(Task item) Leaving the pictures out, print the lines from the first line of the listing through the line containing "LONDON, INGGRIS - 14", exactly as they read, and no others.

(Data extract)
====

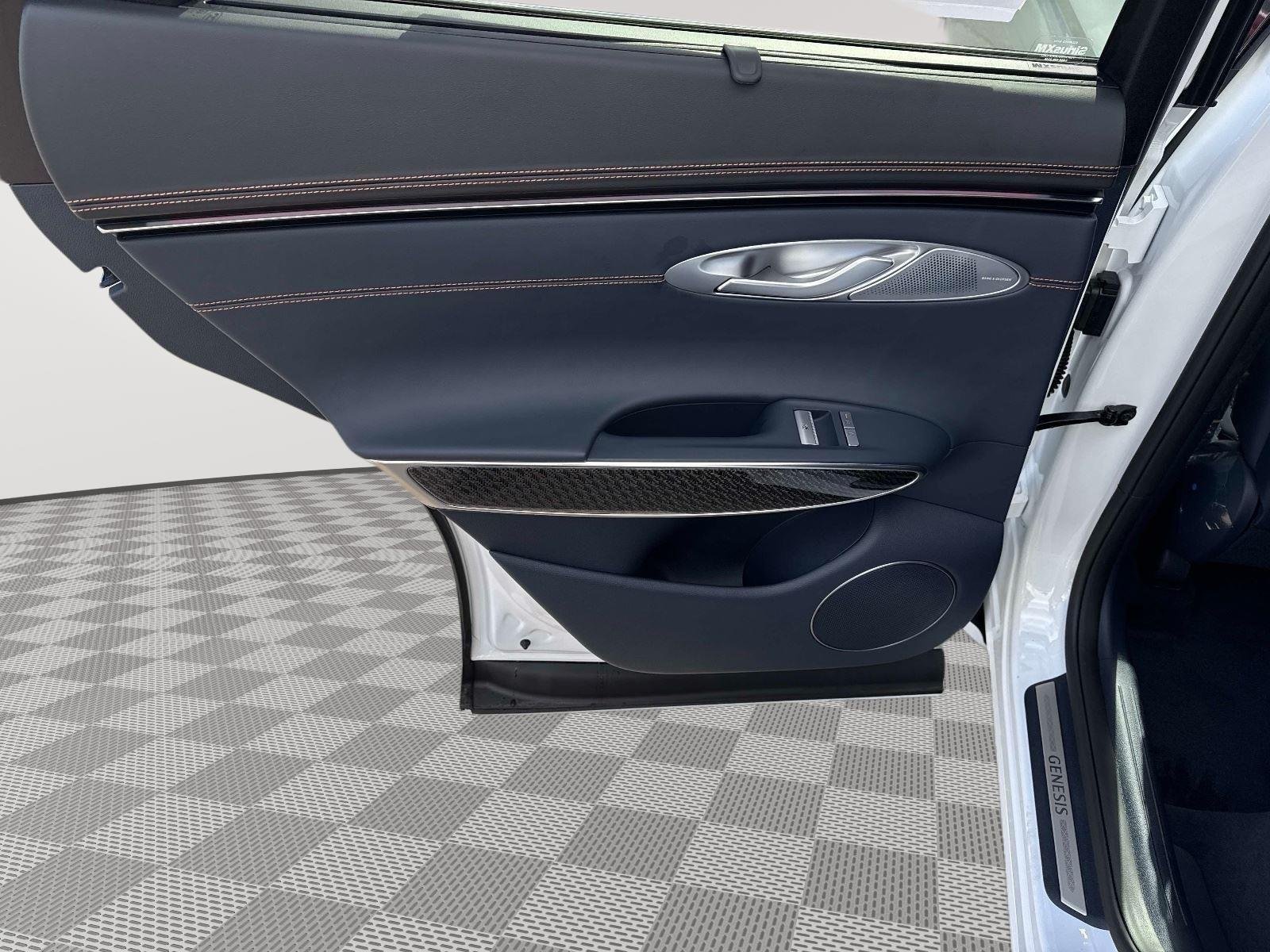2026 GENESIS GV70 Sport Prestige - Photo 11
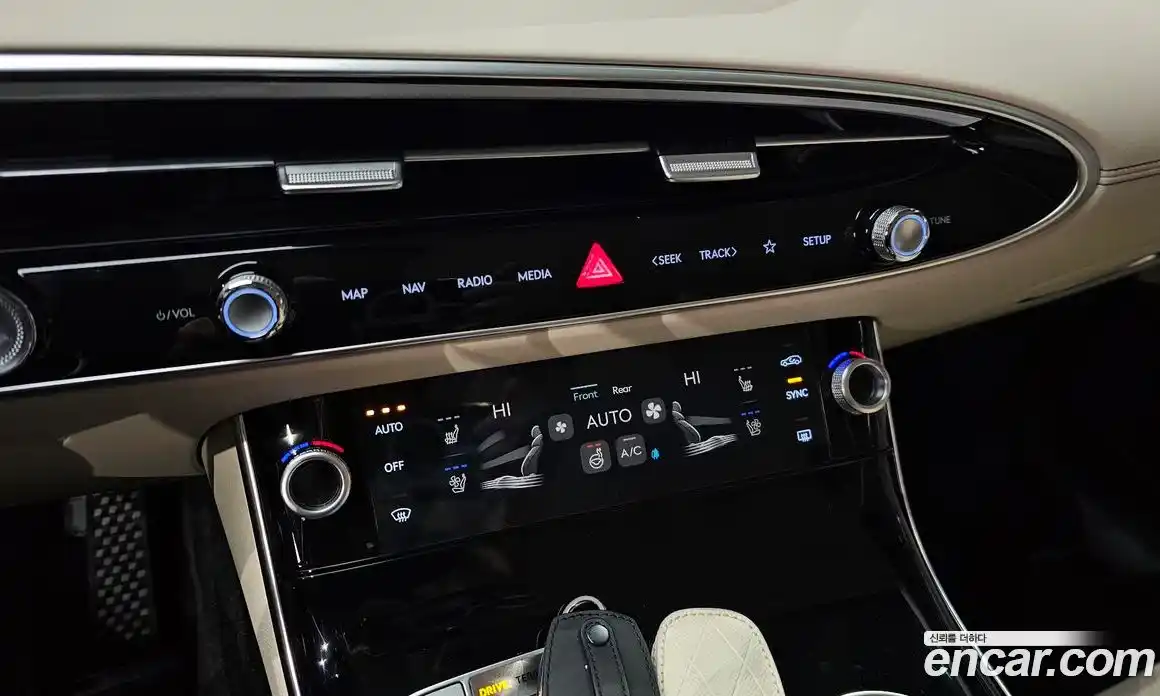 Genesis GV70 2025 2.5 Автомат в Москве № 58706, фото 19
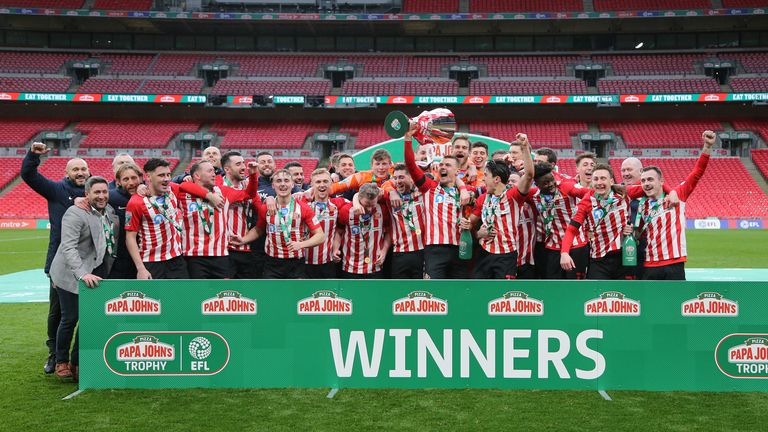LONDON, INGGRIS - 14 MARET: Para pemain Sunderland merayakan kemenangan dalam pertandingan Final Papa John's Trophy antara Sunderland dan Tranmere Rovers di Stadion Wembley pada 14 Maret 2021 di London, Inggris. Stadion olahraga di seluruh Inggris tetap berada dalam pembatasan ketat akibat pandemi virus corona karena undang-undang jarak sosial pemerintah melarang penonton berada di dalam venue sehingga pertandingan dimainkan secara tertutup (Foto: Ian Horrocks/Sunderland AFC via Getty Images)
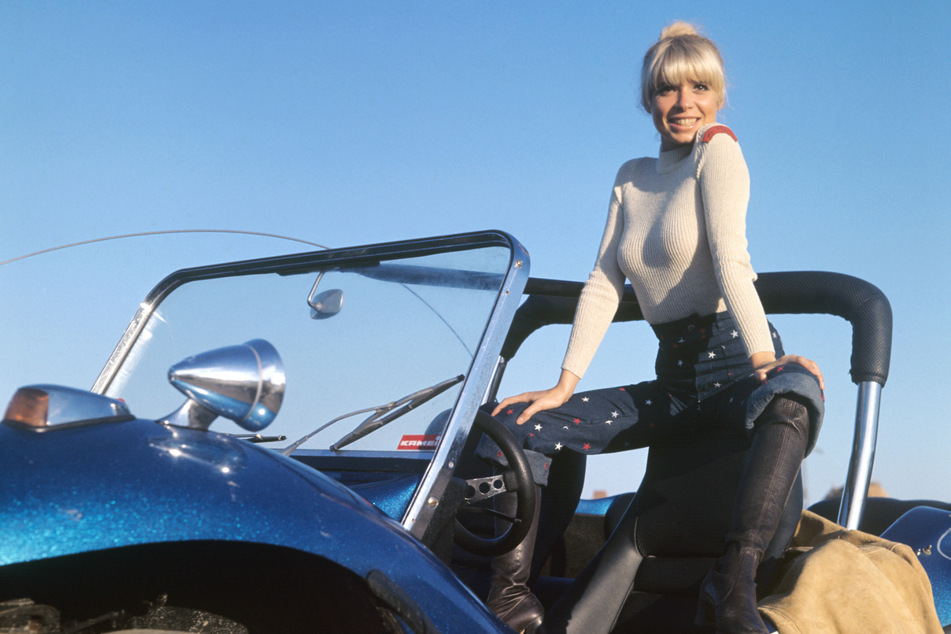 "Ulknudel" Ingrid Steeger galt in den 1970er-Jahren als wahres Sex-Symbol. Hier posiert sie für eine Szene des Films "Sonne, Sylt und kesse Krabben", aufgenommen im September 1971.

====

(Problem solution)
2026 GENESIS GV70 Sport Prestige - Photo 11
 Genesis GV70 2025 2.5 Автомат в Москве № 58706, фото 19
LONDON, INGGRIS - 14 MARET: Para pemain Sunderland merayakan kemenangan dalam pertandingan Final Papa John's Trophy antara Sunderland dan Tranmere Rovers di Stadion Wembley pada 14 Maret 2021 di London, Inggris. Stadion olahraga di seluruh Inggris tetap berada dalam pembatasan ketat akibat pandemi virus corona karena undang-undang jarak sosial pemerintah melarang penonton berada di dalam venue sehingga pertandingan dimainkan secara tertutup (Foto: Ian Horrocks/Sunderland AFC via Getty Images)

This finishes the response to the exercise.